For Kant ultimate or absolute goodness is only to be found in the good will, humanistically conceived. For Christians this is found in God’s good will which is an expression, however, not of cold rationalism but of the entire nature and character of God in all his richness and fullness. If we are to live lives of God-pleasing compliance with his perfectly good will then our minds need to be transformed so that we will learn “to test’, to value and profoundly appreciate God’s will, how “good, pleasing and perfect” it truly is (Romans 12:2). 

In the continuing context Paul goes on to indicate that central to the transformed mind and the experience of this perfectly good will of God is love. Near the end of the sub-unit constituted by Romans 12-13 he exhorts,

Let no debt remain outstanding, except the continuing debt to love one another, for he who loves his fellowman has fulfilled the law. The commandments, “Do not commit adultery,” “Do not murder,” “Do not steal,” “Do not covet,” and whatever other commandment there may be, are summed up in this one rule: “Love your neighbour as yourself.” Love does no harm to its neighbour. Therefore love is the fulfilment of the law (Romans 13:8-10).

Kant commented on this command to love our neighbour as ourselves. He maintained that this means doing our duty towards our neighbour, no matter how unloving we might feel or even hard-hearted.

In that loving our neighbour as ourself is our ultimate and perpetual debt this does seem to approach Kant’s conception of duty.  But the corresponding section near the beginning of this sub-unit indicates that Paul is not thinking in a simplistic duty-based way:

Love must be sincere. Hate what is evil; cling to what is good. Be devoted to one another in brotherly love (Romans 12:9-10a).

Elsewhere Paul teaches that love is the fruit of the Spirit, expressed in qualities often closely associated with emotions: “joy, peace, patience, kindness, goodness, faithfulness, gentleness and self-control (Galatians 5:22-23). While we are responsible to love our neighbour as ourself we cannot do this just out of a sense of repaying a debt, out of a sense of duty. We know that the Lord himself, through his Spirit, must produce this ability within us. Arguably, Romans 8 is all about the Spirit’s work of making us more like Jesus, and there Paul teaches:

Those who live according to [the flesh] have their minds set on what [the flesh] desires; but those who live in accordance with the Spirit have their minds set on what the Spirit desires (Romans 8:5).

 The love that the Holy Spirit engenders in us is a love that does not merely comply with some cold, rational divine will but with godly desires.

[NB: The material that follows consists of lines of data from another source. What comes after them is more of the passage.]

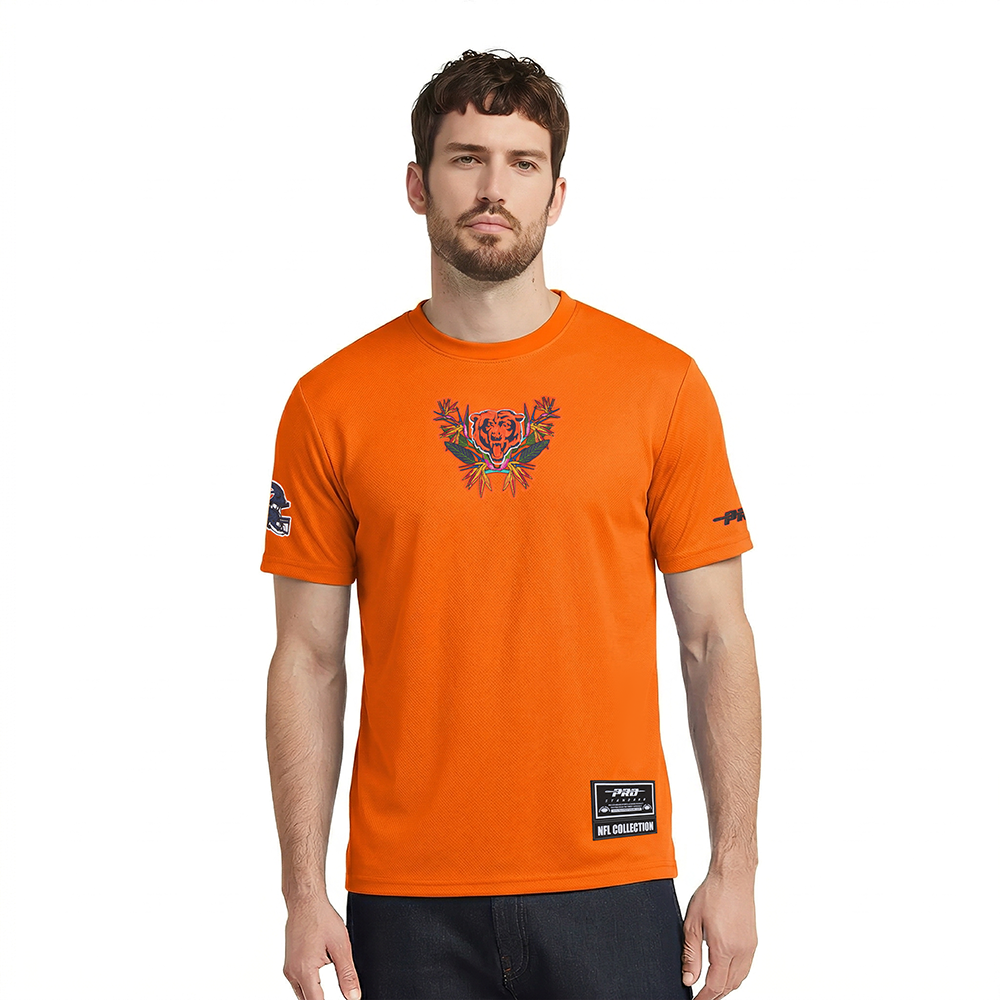 FCH1411479-ORG-MODEL-1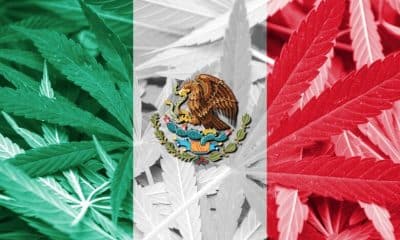 Mexico Cannabis Bill
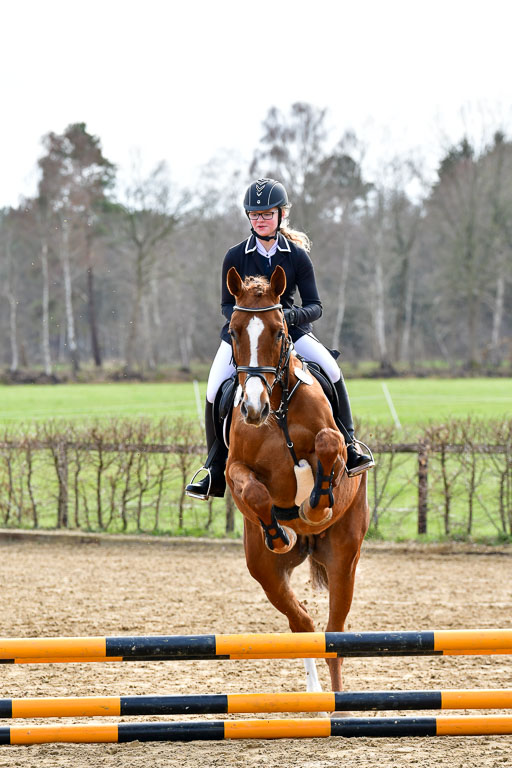 Reitsportzentrum Bremervörde 10.4.21 | 10421 Springreiter WB_022 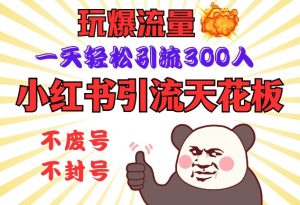 小红书引流天花板,玩爆流量,一天轻松引流300人,安全操作-网创源码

Obedience is indeed integral to the Christian life. But it is a great error to think this means that Christian ethics are essentially deontological. We are concerned to fulfil our responsibilities and obligations but our obedience is “the obedience of faith”, an obedience that consists in and is expressed by the life of faith, depending on the Lord through the Spirit to make us full-orbed people who learn to love with all that makes us human. So it is that the first and greatest commandment (to which the command to love our neighbours corresponds), as re-stated by Jesus himself, is this:

Love the Lord your God with all your heart and with all your soul and with all your mind (Matthew 22:37).